Pour mémoire, la problématique de l'accès et des voiries dans le cadre de l'instruction est réglée par l'article R. 111-5 du Code de l'urbanisme (RNU). Excepté la situation de risques pour la sécurité publique, cet article du règlement national d'urbanisme ne prévoit pas la possibilité que la question des voiries et accès puisse faire l'objet de prescriptions. Aussi si cette jurisprudence Société Compagnie Immobilière de méditerranée peut interroger à ce titre en instituant une sorte d'autorisation sous condition non prévue par le texte, elle est susceptible de poser nombre de difficultés à la pratique notariale.
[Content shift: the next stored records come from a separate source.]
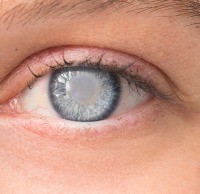 eye project thumbnail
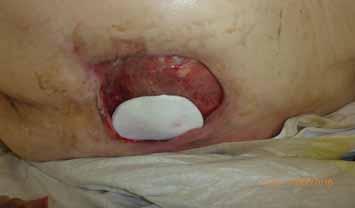 In this way, the secretion does not lead to a maceration of the wound margins if the wound dressing is moist. 3.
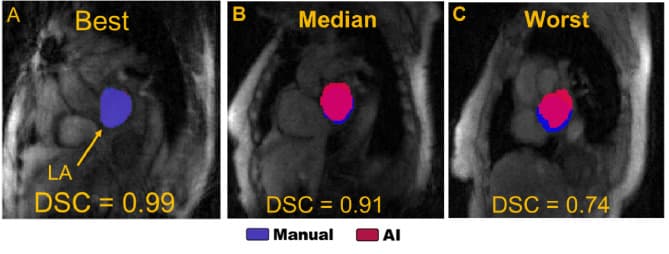 Atrial fibrillation flow MRI figure relevant to arrhythmia-resolved 5D flow MRI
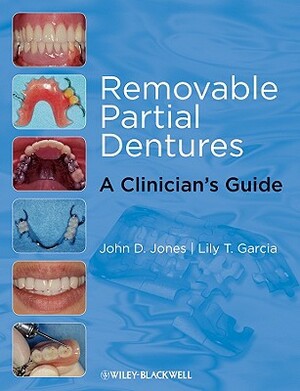 Removable Partial Dentures: A Clinician's Guide by John D. Jones, Lily T. Garcia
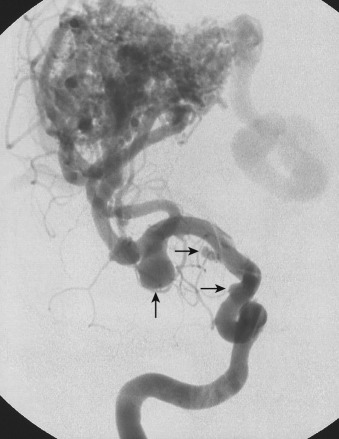 FIG 12-6, Catheter cerebral angiogram, AP view, of a right middle cerebral territory AVM with three flow-related aneurysms (arrows).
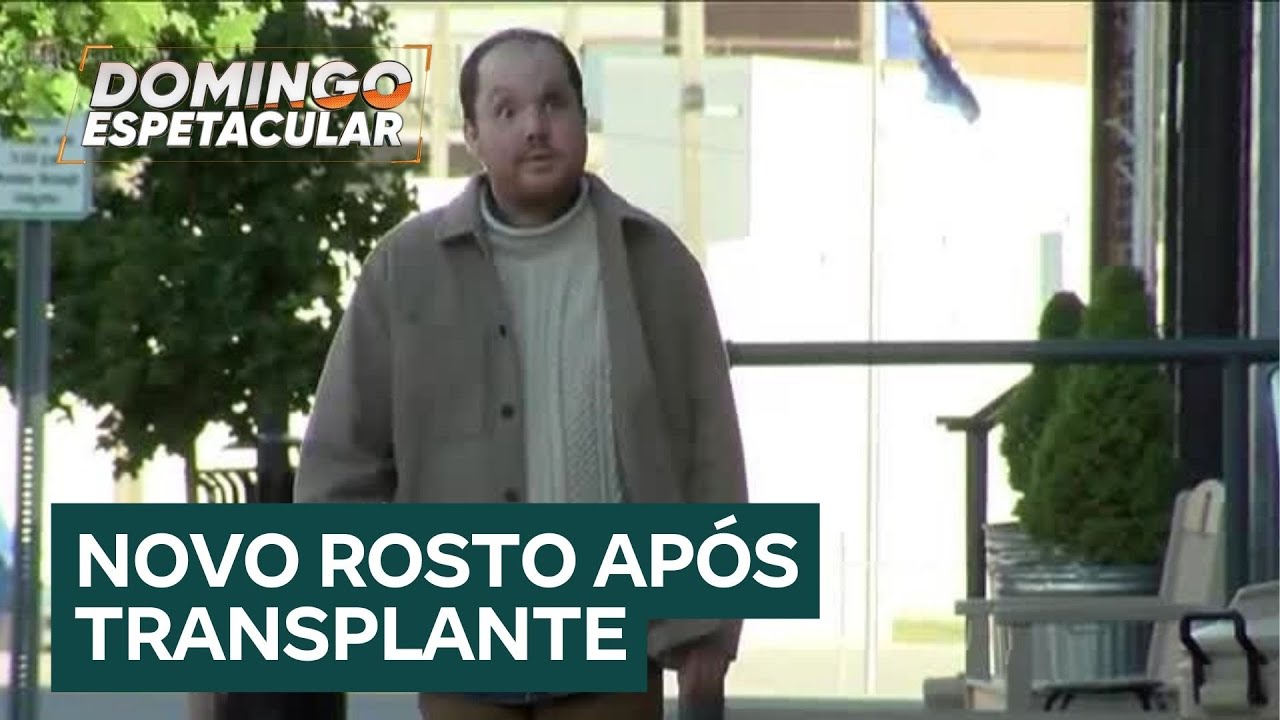 Jovem americano faz transplante raro e ganha novo rosto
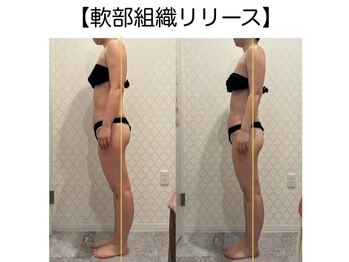 シャルム(CHARME)/新感覚筋膜リリース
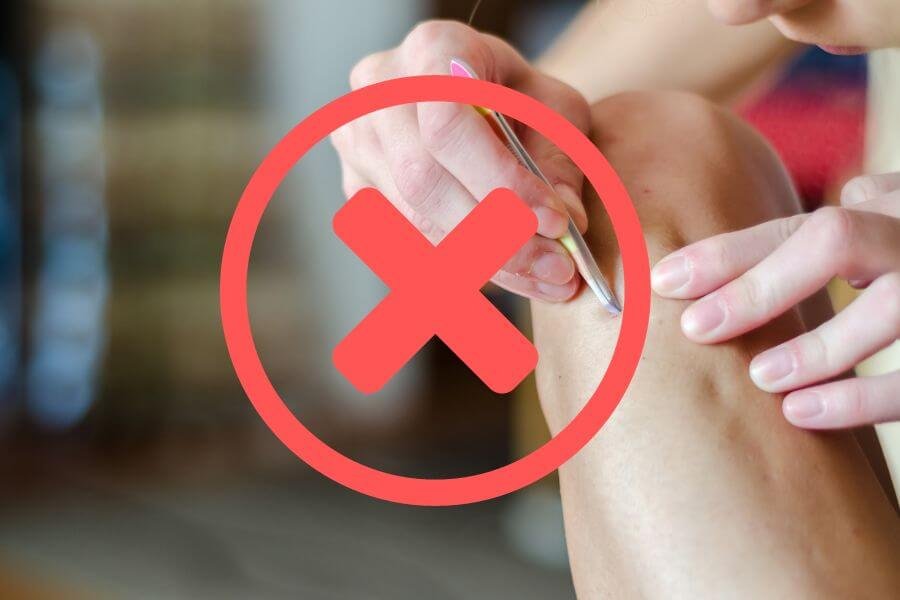 Người đang dùng nhíp gỡ vật thể khỏi da, với biểu tượng X đỏ phủ lên hình ảnh.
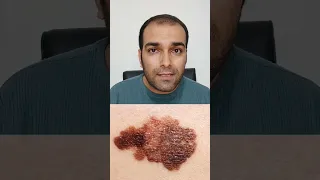 کدام یک از خال های پوستی ت ممکنه سرطانی باشه و دیر بفهمی 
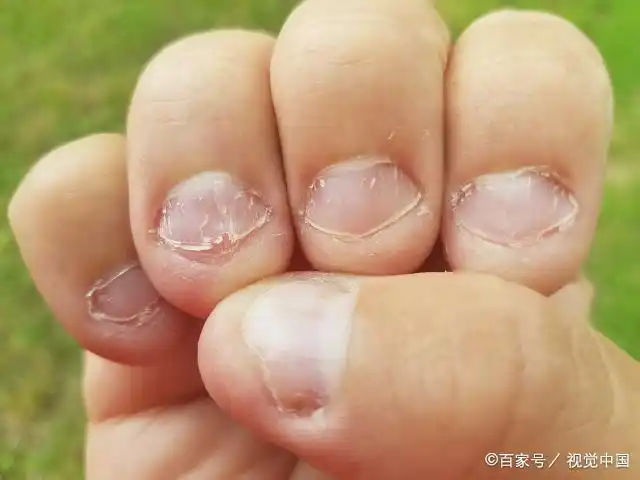 从小习惯"啃指甲"的孩子,十年后状态如何?结局让人心疼又深思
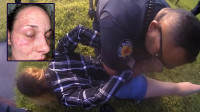美國女子遭警察被壓草地   臉部遭紅火蟻咬傷致毀容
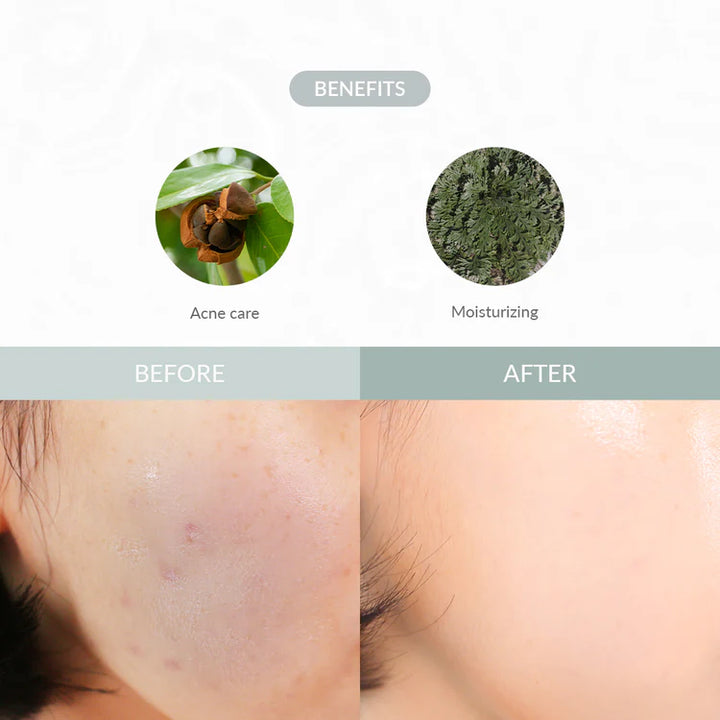 Dr. Althea - Last Minute Skin Rescue Anastatica Mask (30 stk)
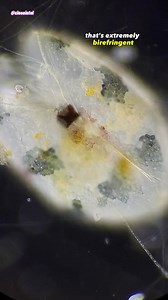 Ostracod aka Seed Shrimp #undermicroscope #microscopy #microscopic #microcosmos #microworld #microto | Closeintel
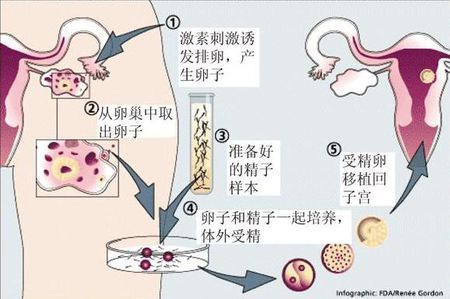 李晴阳院长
Certes, comme le relève la rapporteure publique : « La bonne administration plaide (…) en faveur de l'usage d'une telle faculté de délivrance du permis de construire sous condition, qui s'apparente à une forme de régularisation précontentieuse, plutôt que de l'opposition d'un refus qui donnerait lieu à l'instruction complète d'une nouvelle demande de permis de construire, chronophage pour les services comme pour les pétitionnaires, pour aboutir à un résultat identique ». Mais en réalité, ouvrir la voie au permis conditionnel sur des questions qui relèvent du droit privé participe certainement de l'idée d'une régularisation précontentieuse du volet administratif du permis mais ne préjuge en rien d'un contentieux civil au titre de l'exercice de ladite servitude. De surcroît, il appartiendra au notaire de s'assurer que l'ensemble des prescriptions sont prises en compte par le pétitionnaire, et notamment au titre de la destination même des constructions. En effet, si par principe un pétitionnaire n'exécute pas une prescription, il s'expose à n'en pas douter à des sanctions pénales et verra sa responsabilité engagée vis-à-vis des acquéreurs. Or, dans le cas présent d'un défaut d'accès, la vérification du respect par le pétitionnaire de la prescription incombe inévitablement au notaire dans le cadre de la sécurisation des actes subséquents dont il doit assurer l'efficacité.